Il n’y a pas non plus vraiment de débat sur les réseaux sociaux. Le modèle économique des plates-formes est lié à l’usage d’algorithmes qui mettent en avant les messages les plus partagés, souvent émotionnellement très chargés, notamment de colère. Cela produit une distorsion qui rend la discussion impossible, les propos qui rappellent les faits ou font appel à la raison devenant vite inaudibles.

Etre libre de s’exprimer ne signifie pas que l’on peut tout dire. Comment définir aujourd’hui les limites de cette liberté ?

Dans la tradition libérale, toutes les opinions sont permises sauf celles qui font « un tort objectif à autrui ». Mais ce principe n’est plus suffisant. Le mal que font les injures raciales, par exemple, ne relève pas seulement du tort objectif à autrui, il peut être aussi une atteinte directe aux normes collectives en contribuant à banaliser des préjugés racistes et même à changer le seuil de ce qui est acceptable au sein d’une société.

Il existe aussi des expressions qui, en jouant sur les stéréotypes, les allusions, les références, sont haineuses sans pouvoir être qualifiées d’« injures ». Il faut les distinguer des propos transgressifs, qui peuvent blesser, mais doivent être tolérés comme éléments du débat car leur but n’est pas de réduire l’autre au silence. Toute la difficulté est de distinguer les « dommages et torts » – par exemple les menaces de mort ou les injures, surtout raciales – des « offenses » qui déstabilisent mais n’empêchent pas de répliquer.

Dans ce contexte, la justice est un outil indispensable – surtout avec plus de moyens ! – mais elle ne peut pas suffire.
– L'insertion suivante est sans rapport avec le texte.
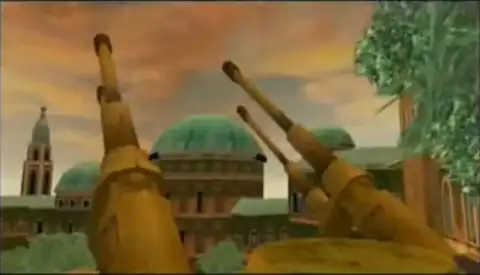 Скриншот игры Star Wars: Obi-Wan (video game) (2001), кадр 2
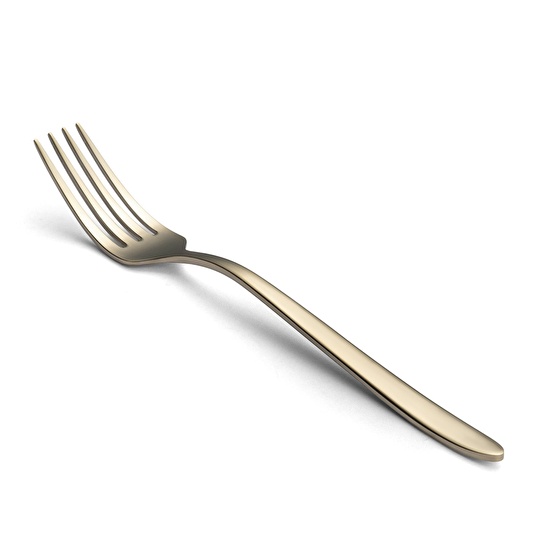 Jumbo 9400 Şampanya 84 Parça 12 Kişilik Çatal Kaşık Bıçak Seti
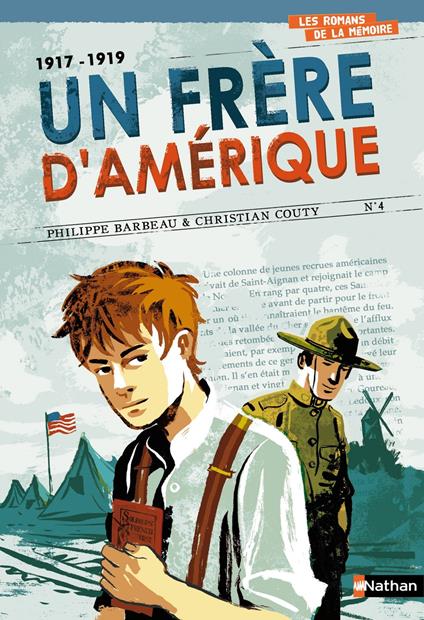 Un frére d'amérique EPUB2 - Philippe Barbeau,Christian Couty - ebook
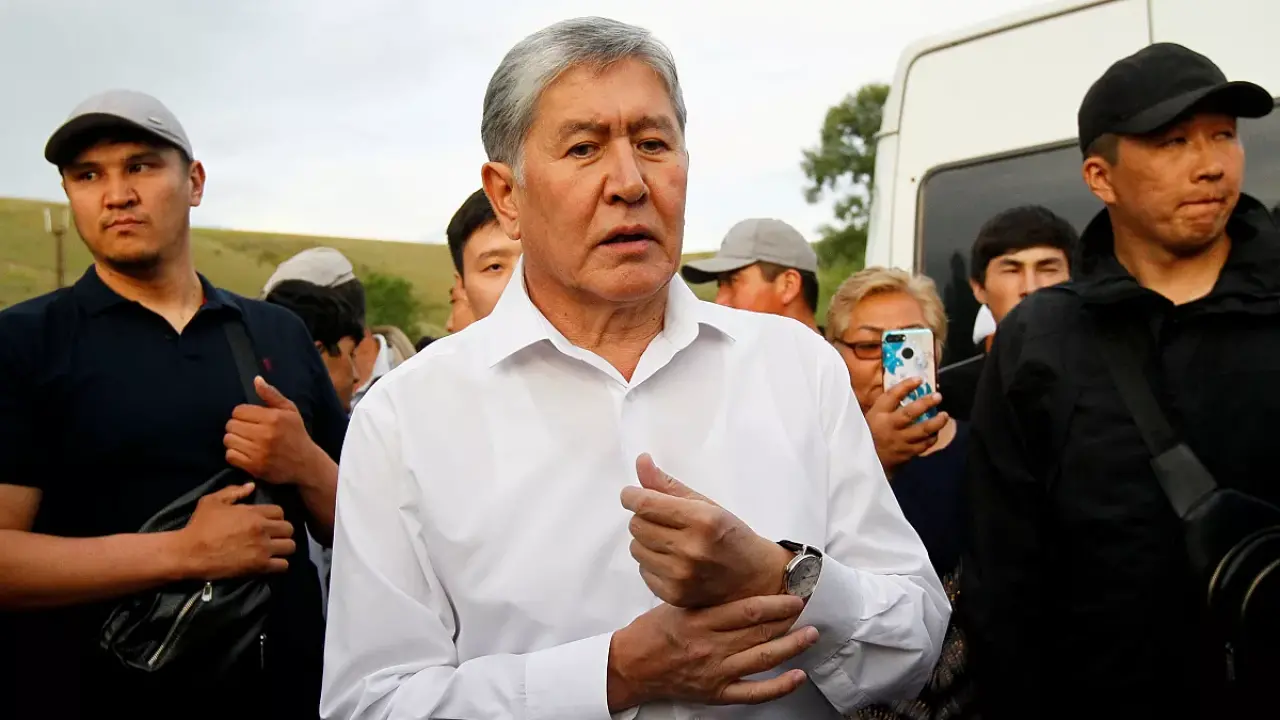 Kırgızistan’ın Eski Cumhurbaşkanı Atambayev’e 11,5 Yıl Hapis Cezası 2
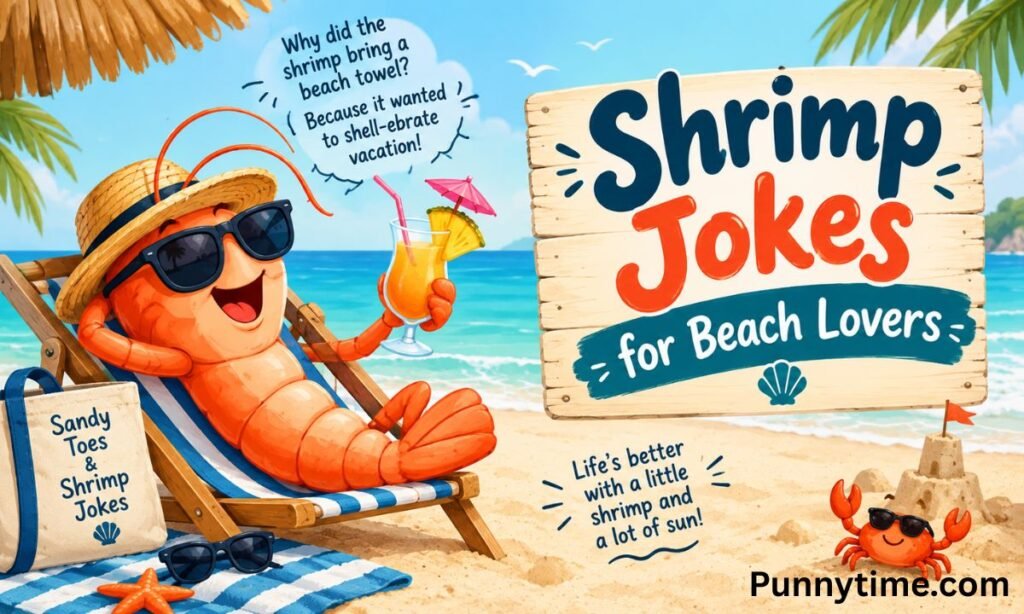 shrimp Jokes for Beach Lovers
Dans le meilleur des cas, elle dédommage les personnes injuriées, mais elle ne redonne pas la parole à celles qu’on a contraintes à se taire. D’autant que la sanction judiciaire arrive après un long délai, alors que les pressions exercées par les réseaux sociaux réduisent au silence immédiatement. Autant d’indices montrant qu’il faut repenser la régulation de la liberté d’expression.
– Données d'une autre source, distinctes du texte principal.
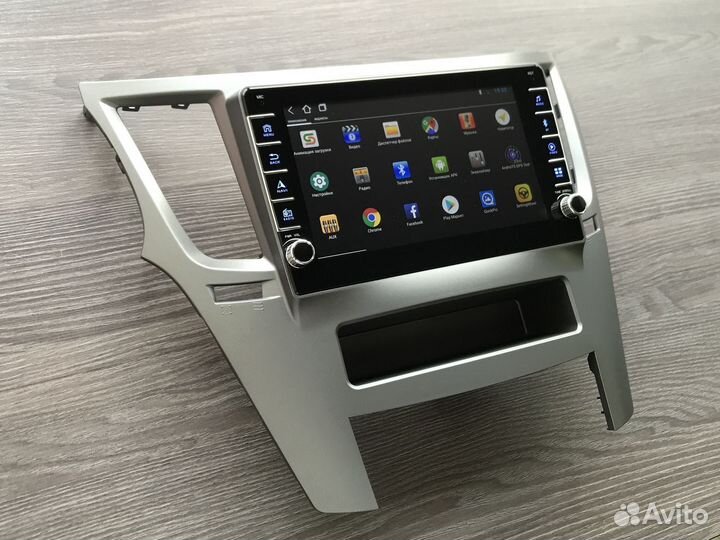 Магнитола Subaru Outback 4 + физические кнопки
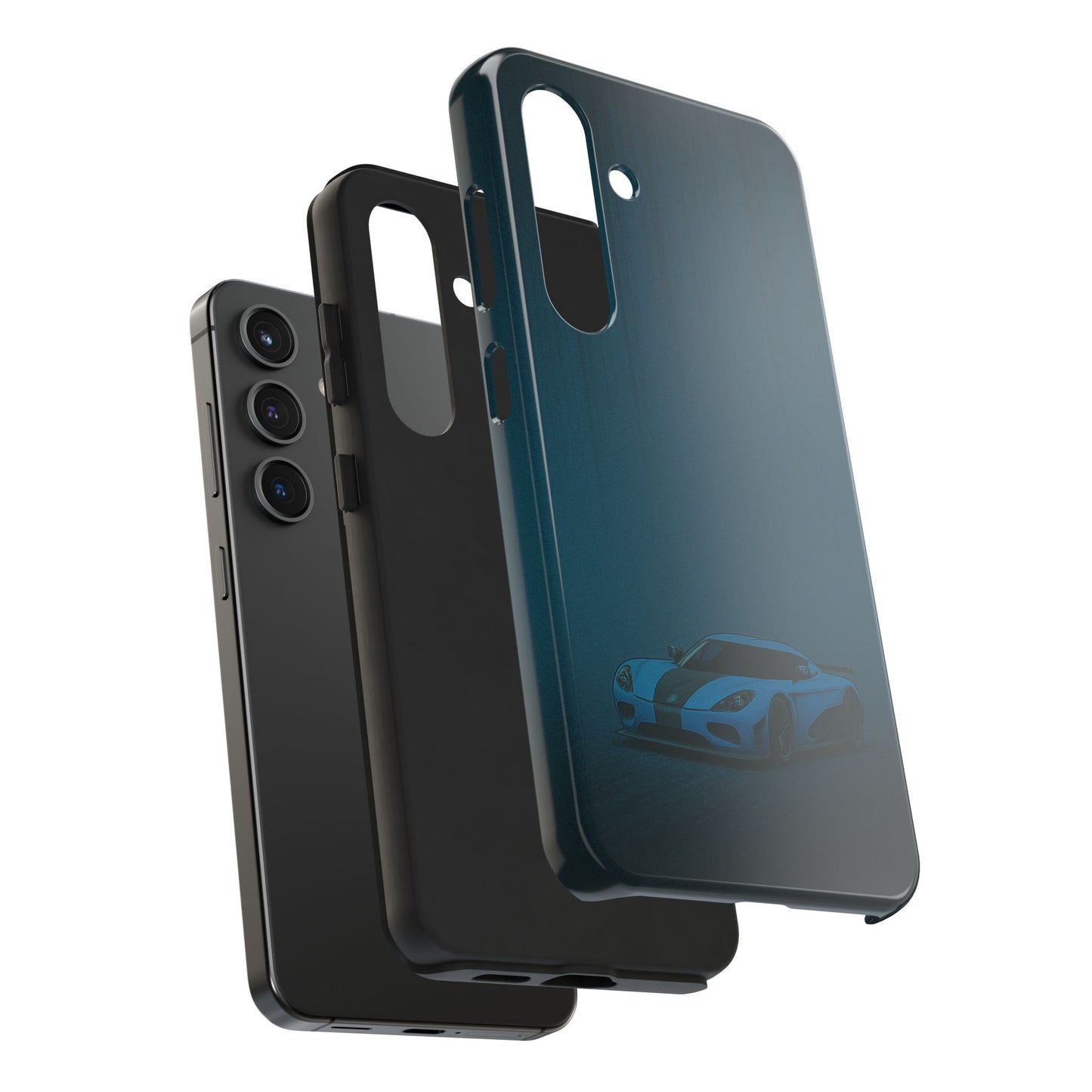 Blue Koenigsegg Agera Phone Case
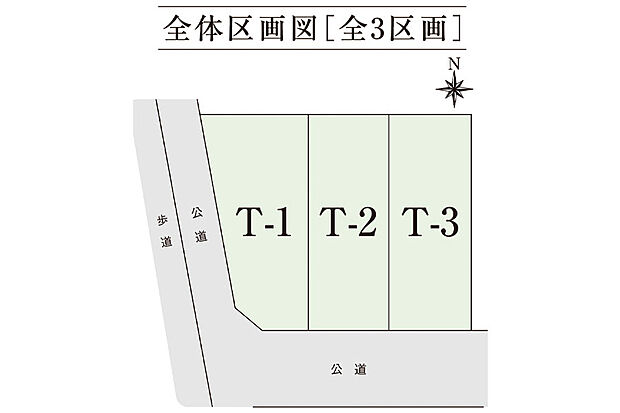 【区画図】全体区画図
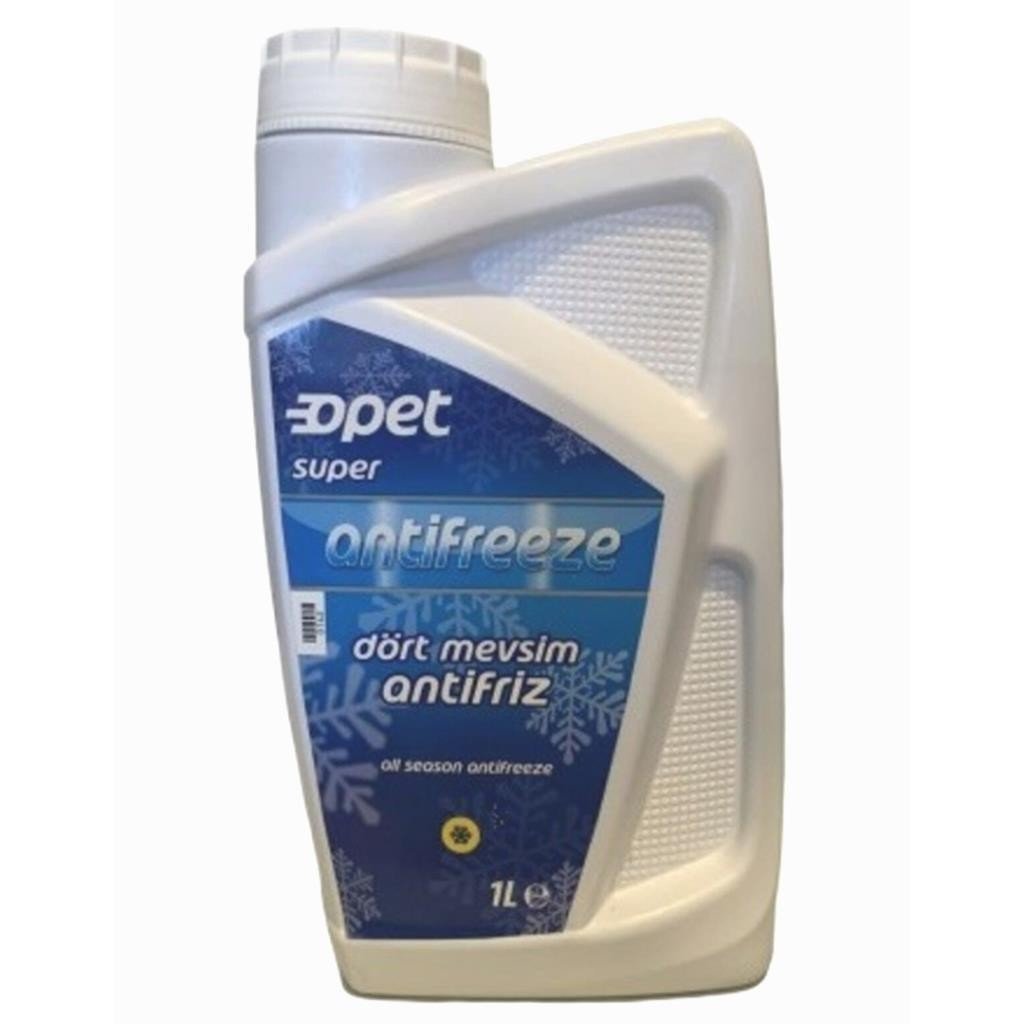opet-super-antifriz-1-lt-mavi-antifiriz Opet Süper Antifriz 1 Lt Mavi Konsantre Antifiriz - Görsel 1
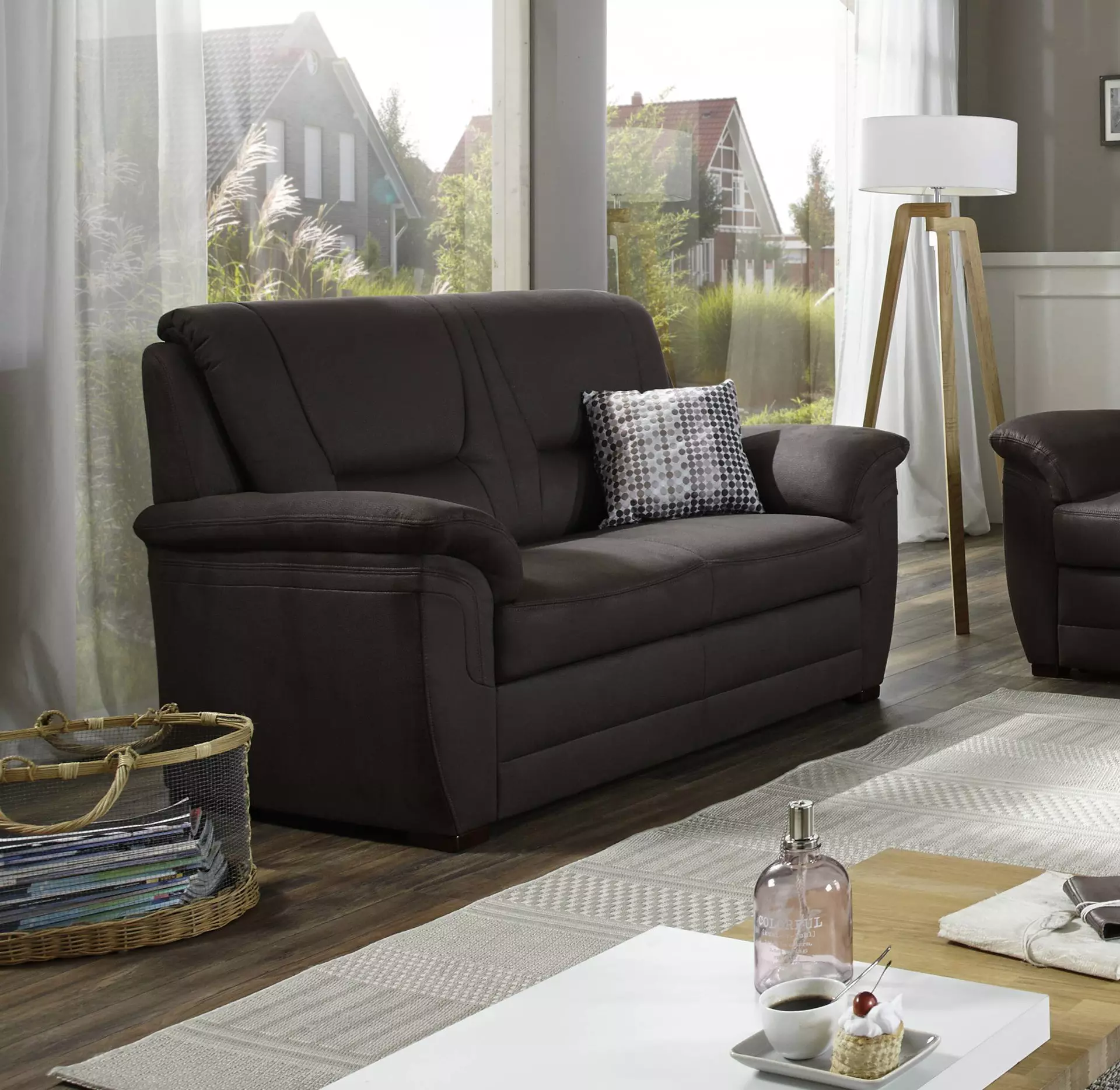 Sofa 2-Sitzer PP-QL11014 A+ CELECT Textil 92 x 96 x 144 cm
Face à ces nouveaux défis, vous n’êtes pas favorable à une intervention restrictive de l’Etat. Pourquoi ?

Nous sommes confrontés à un dilemme. Si l’Etat multiplie les lois pour essayer de prévenir les usages délictueux de la parole, on risque de se retrouver rapidement dans une société de censure. Imposer, par exemple, aux plates-formes numériques des obligations de résultats dans la traque des messages douteux peut très vite conduire à la « surcensure ». A cet égard, la phrase de Tocqueville : « Je vous avais laissé traitant des abus de la liberté et je vous retrouve sous les pieds d’un despote » semble prophétique. A l’inverse, si l’Etat ne fait rien, les volontés d’hégémonie des différents groupes de pression en conflit risquent de conduire au chaos. La marge de manœuvre est limitée.

Comment sortir de ce dilemme ?

Une troisième voie consiste à mettre en avant l’importance de débattre, car c’est là qu’il est possible de discuter et de s’opposer à armes égales. La liberté d’expression ne définit pas seulement le fait de pouvoir parler, elle signifie aussi que celui auquel on s’adresse garde la capacité de répondre, alors que des usages de la parole privent autrui de toute possibilité de répliquer.

Restituer cette dimension de débat peut être une solution : des associations s’efforcent de la rétablir sur le Web. Les acteurs privés, que ce soient les utilisateurs des réseaux sociaux ou les annonceurs, ont aussi un rôle considérable à jouer. Ils doivent protester si leurs annonces sont associées à des messages conspirationnistes ou des fausses nouvelles, ils peuvent avoir un poids décisif.

Ces initiatives peuvent-elles vraiment suffire ?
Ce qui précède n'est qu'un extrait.